• _Supplied material_:
◇ ◇ ◇

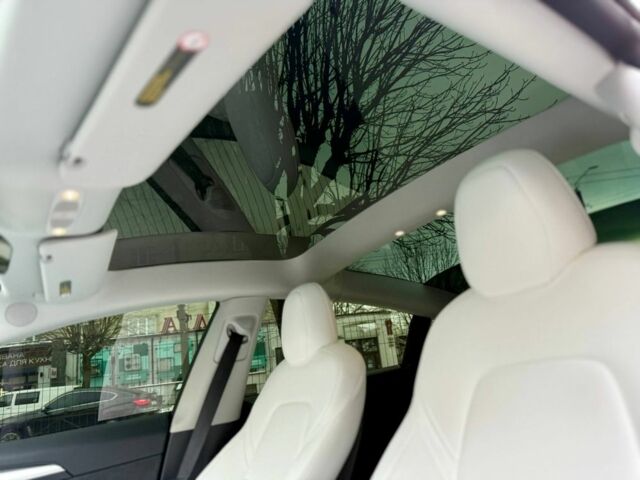 Сірий Тесла Модель 3, об'ємом двигуна 0 л та пробігом 83 тис. км за 22499 $, фото 12 на Automoto.ua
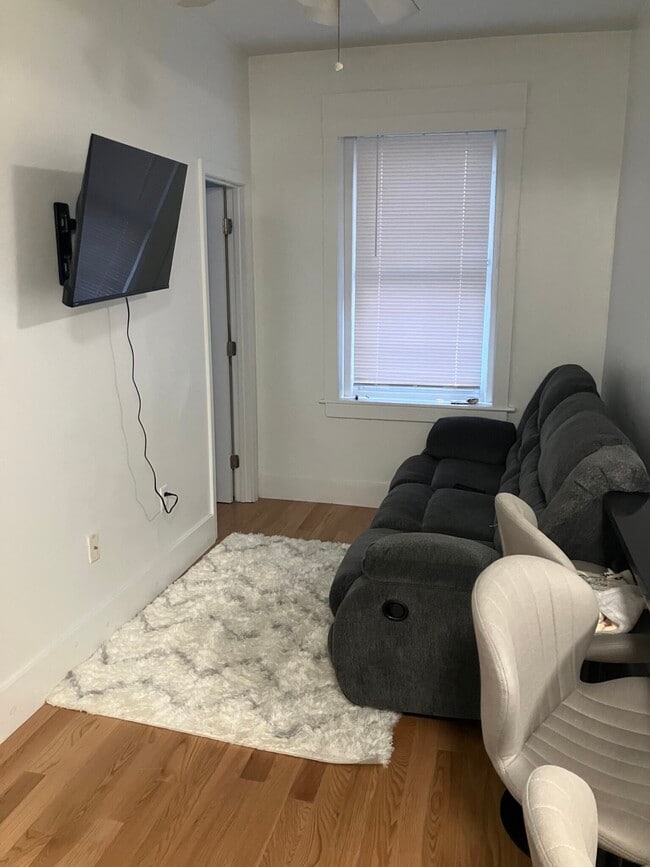 Building Photo - 64 Hemenway St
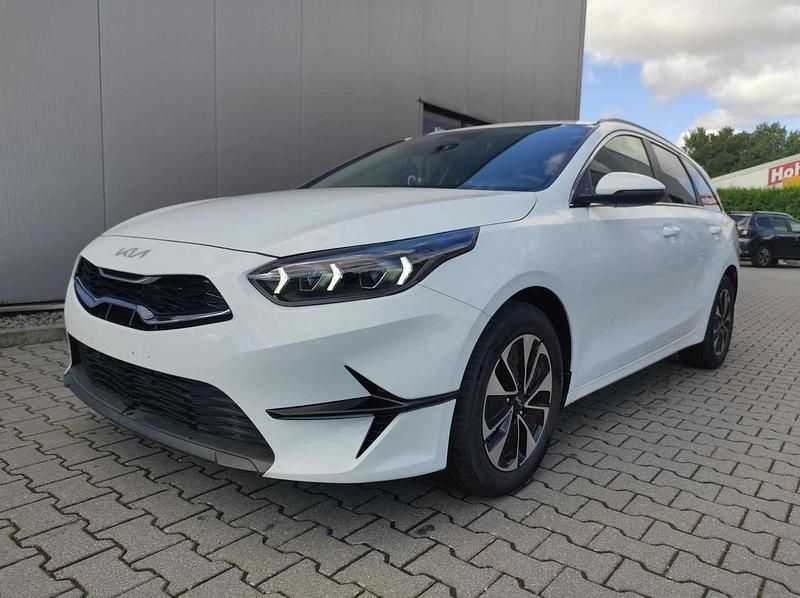 Weiß Neu 2024 Kia Ceed Sportswagon Kombi | 23.890 € (Superpreis) - Bild 1/4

◇ ◇ ◇

• _Exercise_:
Your task is to retype exactly the lines that run from the line with "Building Photo - 64 Hemenway St" through the last line of the material, with the pictures left out.

• _Reply to the task_:
 Building Photo - 64 Hemenway St
 Weiß Neu 2024 Kia Ceed Sportswagon Kombi | 23.890 € (Superpreis) - Bild 1/4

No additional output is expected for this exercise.